Em abril de 2002, a diretora foi ameaçada de morte por um homem que invadiu a escola. A coordenadora pedagógica teve o seu celular roubado na porta da escola e uma professora teve seu carro danificado no pátio. Na calçada, em frente à escola, alguns adolescentes ficavam sentados consumindo drogas e bebidas alcoólicas. Os jovens traficantes dominavam o grêmio estudantil. Segundo os professores, os banheiros eram utilizados para trocas de armas e drogas entre os alunos. A escola foi construída ao lado de um córrego que inundava as salas de aula na época de chuvas, provocando a suspensão das aulas. As águas do córrego alagaram os banheiros, misturando-se à urina e as fezes dos sanitários entupidos. Em janeiro de 2004, a escola foi fechada por ordem da Promotoria da Infância e Juventude.
Escolas
Funcionam em Diadema 134 escolas de ensino fundamental e médio, a grande maioria estaduais. O PT tem resistido ao movimento nacional de municipalização do ensino fundamental, poupando-se de encargos no orçamento e de desgaste político em conflitos com os sindicatos de professores e diretores, em geral dominados pelo partido. Assim, o governo municipal tem se poupado também da necessidade de enfrentar os problemas endêmicos das escolas, como violência, vandalismo e tráfico de drogas e de armas dentro dos prédios, faltas e rotatividade excessivas de professores e diretores, e sobretudo, o problema da qualidade de ensino. Em 2001, dois terços das escolas estaduais trocaram de diretor. Em alguns casos, duas ou três vezes.

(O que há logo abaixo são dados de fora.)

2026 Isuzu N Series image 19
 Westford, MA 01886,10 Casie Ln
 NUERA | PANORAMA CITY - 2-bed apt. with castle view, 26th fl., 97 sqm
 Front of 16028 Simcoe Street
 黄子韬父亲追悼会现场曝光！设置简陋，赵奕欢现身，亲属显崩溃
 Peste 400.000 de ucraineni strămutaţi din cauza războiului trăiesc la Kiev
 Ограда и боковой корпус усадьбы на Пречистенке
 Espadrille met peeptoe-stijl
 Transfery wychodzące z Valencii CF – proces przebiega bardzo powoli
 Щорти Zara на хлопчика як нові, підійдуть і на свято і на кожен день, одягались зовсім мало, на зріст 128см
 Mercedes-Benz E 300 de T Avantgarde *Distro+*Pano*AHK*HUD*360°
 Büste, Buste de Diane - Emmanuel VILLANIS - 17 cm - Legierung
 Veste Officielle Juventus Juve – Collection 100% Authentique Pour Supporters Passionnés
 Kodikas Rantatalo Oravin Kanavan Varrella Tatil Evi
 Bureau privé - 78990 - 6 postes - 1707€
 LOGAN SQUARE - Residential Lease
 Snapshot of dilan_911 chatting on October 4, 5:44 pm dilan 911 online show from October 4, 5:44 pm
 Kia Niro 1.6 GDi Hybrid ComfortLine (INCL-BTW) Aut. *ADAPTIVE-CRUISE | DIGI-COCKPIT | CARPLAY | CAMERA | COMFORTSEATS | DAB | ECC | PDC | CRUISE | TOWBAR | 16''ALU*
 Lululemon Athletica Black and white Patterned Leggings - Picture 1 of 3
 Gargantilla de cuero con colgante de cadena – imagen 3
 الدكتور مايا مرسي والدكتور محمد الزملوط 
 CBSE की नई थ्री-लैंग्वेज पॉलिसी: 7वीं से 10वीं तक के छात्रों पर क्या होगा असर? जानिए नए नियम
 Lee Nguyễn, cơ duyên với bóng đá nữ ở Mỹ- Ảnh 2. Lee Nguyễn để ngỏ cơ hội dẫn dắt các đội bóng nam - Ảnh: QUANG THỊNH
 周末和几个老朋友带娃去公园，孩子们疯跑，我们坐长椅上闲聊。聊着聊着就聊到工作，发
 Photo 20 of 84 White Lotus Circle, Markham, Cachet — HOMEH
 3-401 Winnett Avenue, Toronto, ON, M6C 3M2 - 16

Apesar da recente expansão das matrículas, as escolas públicas de Diadema operam dentro de uma cultura de fracasso que se estende ao ensino público de quase toda América Latina. Em 1980, só 38% das crianças de Diadema haviam terminado os primeiros quatro anos de escola e só 8% estudaram oito anos. A evasão de alunos matrículados beirava os 50%. Hoje, a matrícula no ensino fundamental em Diadema é quase universal, como no resto do Brasil. O ensino médio está se expandindo rapidamente, mas um terço dos adolescentes ainda está fora das escolas. O maior problema, porém, é a péssima qualidade do ensino. Existe pouca pressão da população e não há preocupação da classe política para melhorá-lo.
Com essa cultura do fracasso, a educação pública na América Latina é o elo mais frágil no processo democrático. O sistema ainda não entrou em colapso somente por causa da demanda pública por algum tipo de escola, e porque as escolas fornecem uma fonte abundante de emprego formal e pensões para professores e administradores, o que garante aos políticos um grande número de votos. Salvo raras exceções, eles têm pouco interesse no aumento da qualidade. O ensino efetivo é minado pela seleção adversa de profissionais, que recebem salários baixos e treinamento precário, são encurralados em um sistema de incentivos perversos. Existem poucos padrões de qualidade ou necessidade de prestar contas. As faltas constantes de professores deixam os alunos sem aula, tumultuando os corredores e provocando um barulho infernal que impede o ensino nas salas onde há professores presentes. Esses padrões de comportamento são aceitos como normas.
Existem escolas públicas boas, mas são uma pequena minoria. Exemplos raros de excelência se formam graças ao heroísmo isolado de poucos professores e administradores. Agora há oportunidade para focalizar a melhoria da educação pública, já que a expansão das matrículas tem se consolidado e o declínio das taxas de natalidade tem reduzido as pressões demográficas nos sistemas escolares. Na noite de 12 de março de 2001, um estudante foi morto em um corredor da Escola Estadual Átila Ferreira Vaz, com um tiro na cabeça. No dia 23 de março, outro aluno foi morto a tiros na entrada da Escola Estadual Nicéia Albarello Ferrari, ao voltar de uma excursão escolar. Em 11 de abril, dois menores foram presos por portar revólveres dentro da Escola Estadual Antonieta Borges Alves. Em 17 de abril, dois estudantes foram feridos a bala dentro da Escola Estadual Mércia Artimos Maron.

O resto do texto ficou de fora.